Google's network of undersea cables is growing.

The Web giant on Tuesday announced plans to commission three new subsea cables in 2019 as part of a plan to expand its cloud computing infrastructure. Google is also gearing up to open new Cloud Platform regions in the Netherlands, Montreal, Los Angeles, Finland, and Hong Kong this year.

The new cables include Curie, which will link Chile to Los Angeles; Havfrue, connecting the US to Denmark and Ireland; and the Hong-Kong-Guam (HK-G) cable system, linking up "major subsea communication hubs in Asia," Google's Vice President for 24/7 Operations Ben Treynor Sloss wrote in a blog post. Curie, named after the scientist Marie Curie, will be Google's own private cable, while Havfrue, which is Danish for "mermaid, and HK-G are consortium cables the company is building alongside others.

"Together, these investments further improve our network—the world's largest—which by some accounts delivers 25 percent of worldwide internet traffic," Treynor Sloss wrote.

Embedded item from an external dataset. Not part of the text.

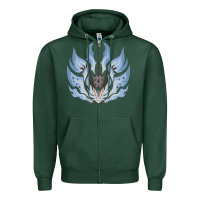Sports Green chaotic xeno'jiiva Zipper Hoodie - artisFamous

With Curie, Google is set to become the first major non-telecom company to build a private intercontinental cable. When operational, Curie will serve Google users across Latin America.

"Owning the cable ourselves has some distinct benefits," Treynor Sloss wrote. "Since we control the design and construction process, we can fully define the cable's technical specifications, streamline deployment and deliver service to users and customers faster. Also, once the cable is deployed, we can make routing decisions that optimize for latency and availability."

Meanwhile, Google is building Havfrue with Facebook, Aqua Comms and Bulk Infrastructure, and working with RTI-C and NEC on the HK-G cable system.

"We're excited about these improvements," Treynor Sloss wrote. "We're increasing our commitment to ensure users have the best connections in this increasingly connected world."